Utah started the game with a quick five-point spurt with a 15-footer by Donovan Mitchell and a three-pointer by Joe Ingles. Normally, that would be the point where the Warriors would take control of the game with a couple of three-pointers and a defensive stop or two.

They were able to tie the game up at one point but were never able to take the lead. Utah led by five after the first, 35-30. They stretched it out to 13-points at the half, 69-56. By the time the third period was over, it was clear the night wasn’t going to belong to the Warriors.

“I saw one team get their (tail) kicked,” Warriors head coach Steve Kerr said after the game (ESPN). “Our hearts weren’t in it. At this level, if your heart’s not in it, I don’t care how much talent you have. You’re going to lose. … It happens. It’s the NBA. It’s a long season.”

By the end of the third, the lead was up to 18-points. But the Warriors couldn’t score to save their lives in the fourth. Utah outscored them by 12 points (26-14) to make the final 129-99.

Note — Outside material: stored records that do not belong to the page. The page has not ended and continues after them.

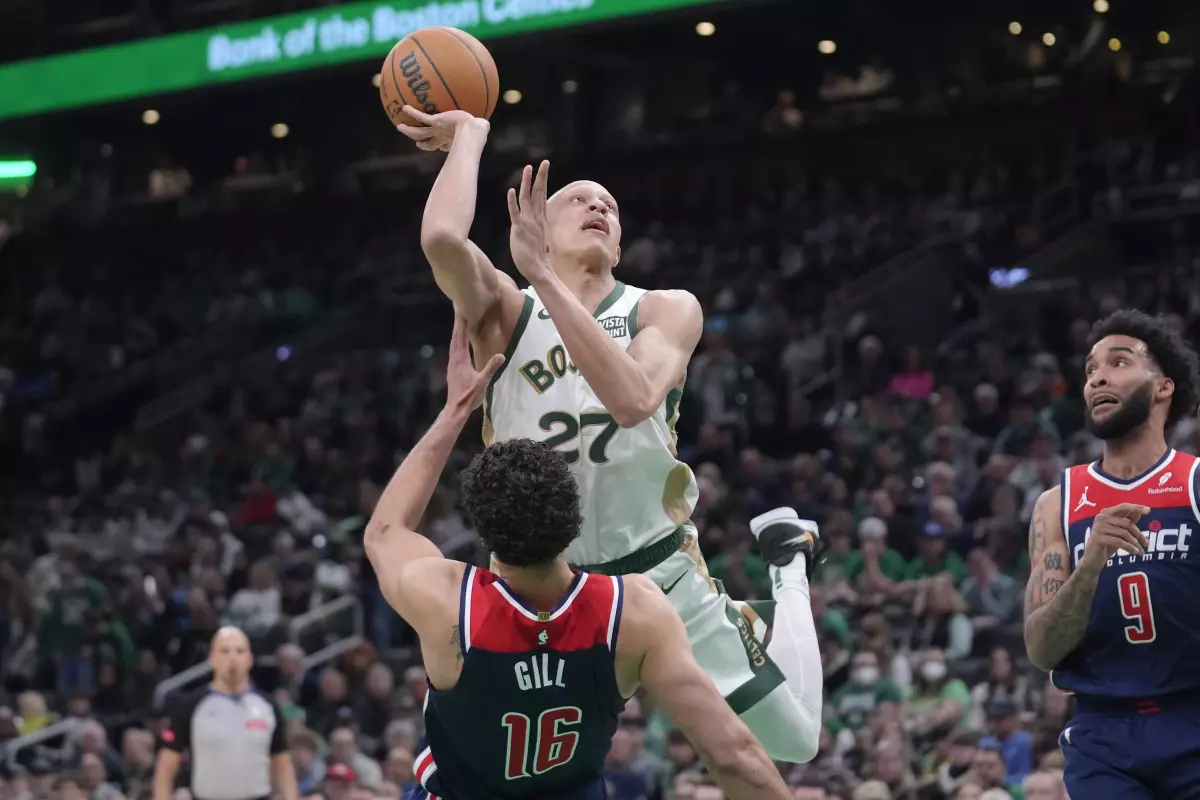 Aun sin titulares, los Celtics terminan la regular con victoria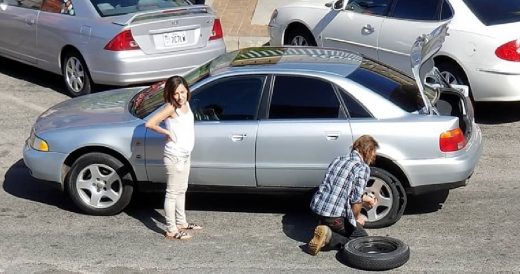 Homeless Man Helps Single Mom Change Her Flat Tire While Everyone Else Passes By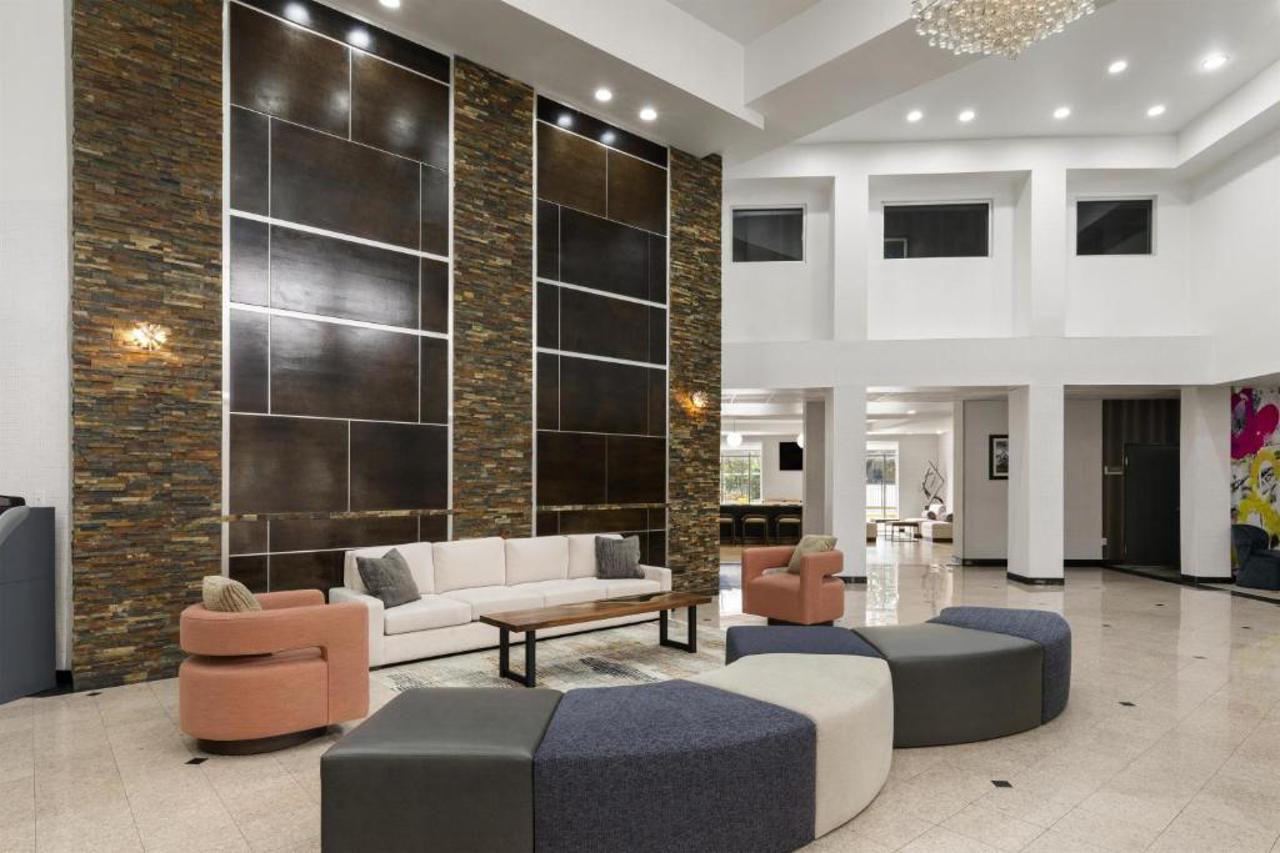Best Western Premier Houston Downtown/Convention Center Hotel 24/35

“When you play against the champs, you always get that extra energy,” Jazz guard Ricky Rubio said after the game (ESPN). “But we got to bring it every night. It was a great night to see where our level can be and we got to bring it every night.”

The loss was easily the worst the Warriors have had this season. With how the Jazz were shooting the ball, it is not hard to understand why. As a team, they hit 58.2 percent of their shots including 50 percent from three-point range.

Ricky Rubio led the way for the Jaz with 23 points and 11 assists followed by Donovan Mitchell and Joe Ingles with 20 points. Derrick Favors chipped in a double-double with 18 points and ten rebounds. Klay Thompson led the way for the Warriors with 27 points followed by Kevin Durant (17 points) and Steph Curry (14 points).

As a team, the Warriors only hit five of 25 three-point attempts.

Via @thedailywolf

The Aftermath

While it looked bad, the loss is nothing in the broad scheme of the season. Now if the Warriors start mailing it in night after night, then maybe Steve Kerr should be concerned. But it is highly unlikely his guys are going to do that.  It would not be shocking if they were to try and make a statement by destroying their next opponent (sorry, Sacramento Kings; Friday night).

Utah is still 3.5 games out of the No. 8 seed in the West. But with how the Nuggets are playing and the Clippers trading away Blake Griffin, it is not hard to imagine them making up the difference. They’ll take the court next against the Suns in Phoenix Friday night.